RV870 or CypressAs you can imagine, to fully implement support for Direct3D 11, AMD had to develop a new GPU. The architecture changes required were however minor as Direct3D 10.1 support on previous cards and the fact that tessellation units have been integrated for several generations already meant that the Radeon HD 4000s weren’t far off. This is partly why AMD was quicker off the mark with its card than NVIDIA.
Cypress, the GPU codename (also called the RV870), uses comparable architecture to the Radeon HD 4800s and 4700s, but doubles the number of execution units and has an amazing 2.15 billion transistors in a surface area of 334 mm²! Enough to take the card up to 2.72 teraflops.
The Radeon 5800 GPU is made up of large 2560-bit SIMD units, each including 16 vec5 shaders. Here AMD (much in the same way as NVIDIA does) talks about 80 cores per SIMD unit, however we see this as a misleading attempt to play up GPU capacities in comparison to CPUs. That said, while AMD has retained the old structure when it comes to execution units, it has doubled the number of SIMDs from 10 to 20, going from 160 vec5 shaders to 320 or from 800 to 1600 stream processing units (cores).
The internal structure of the vec5 shaders remains more or less the same, of a 4+1 type. The first 4 units are identical and can execute one single precision FP32 instruction per cycle, an INT24 instruction per cycle, an FP64 addition in 2 cycles or a multiplication (or multiplication + addition) in 4 cycles. The 5th unit is distinct and can execute either one single precision FP32 per cycle, an INT32 per cycle or a special FP32 per cycle.
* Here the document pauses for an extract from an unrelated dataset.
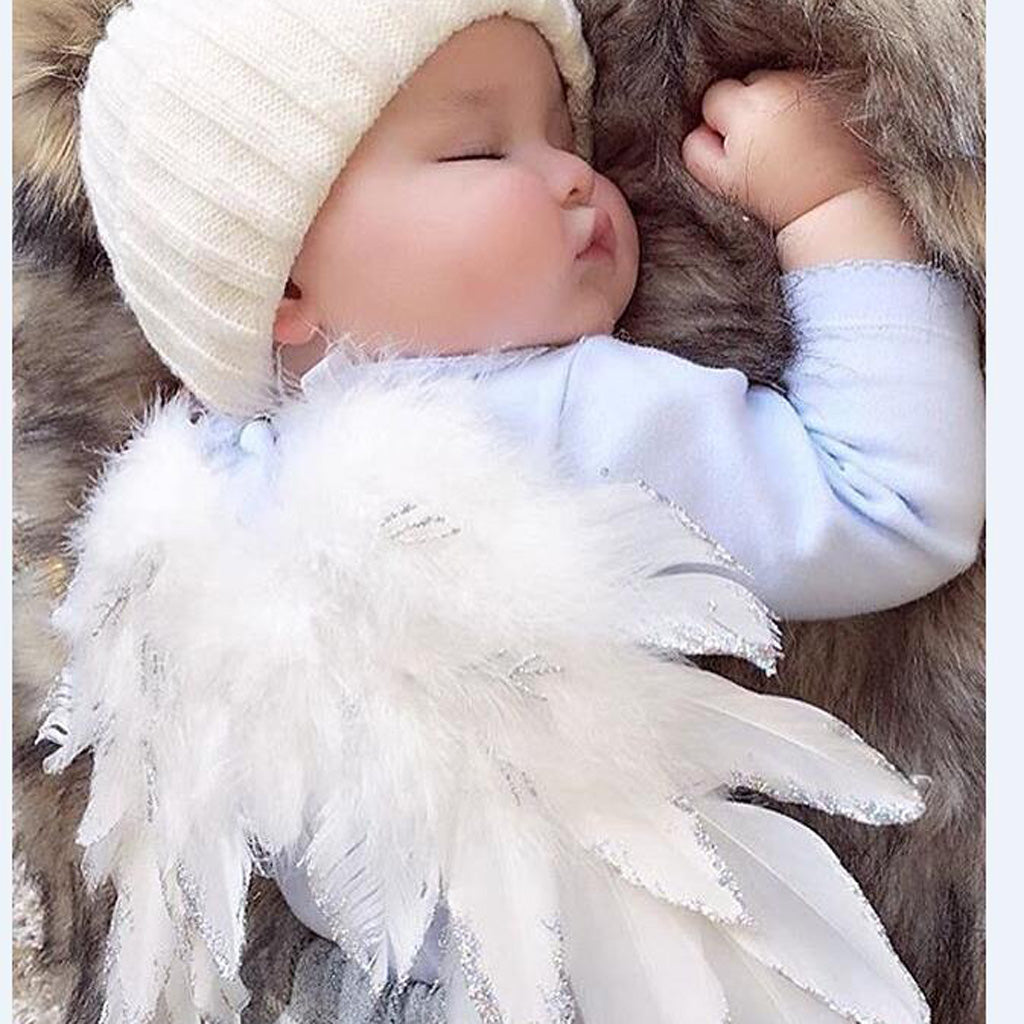 Baby Girls Boys Angel Wings Costume Photo Photography Prop Outfits Gold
A significant development is that Cypress supports the new IEEE754-2008 standard required by Direct3D 11. This adds FMA (Fused Multiply Add) instruction support that, in contrast to the standard MAD (Multiply Add) instruction, allows you to retain the totality of the intermediary result of the multiplication and therefore gives higher precision. Given how floating point numbers function, this provides very efficient processing of other instructions. AMD has taken advantage of this by making the scalar product more efficient and adding a native SAD (Sum of Absolute Difference) instruction that greatly accelerates certain algorithms.
When you use such vec5 units rather than the scalar units in NVIDIA GPUs, the compiler has to try and find 5 independent instructions to process in parallel. This is often impossible, which is what makes this type of architecture less efficient per unit. It does however allow AMD to build many more units into its GPUs.
Each SIMD has 16384 128-bit registers, like on previous generations, and can support a large number of threads and therefore better mask latencies.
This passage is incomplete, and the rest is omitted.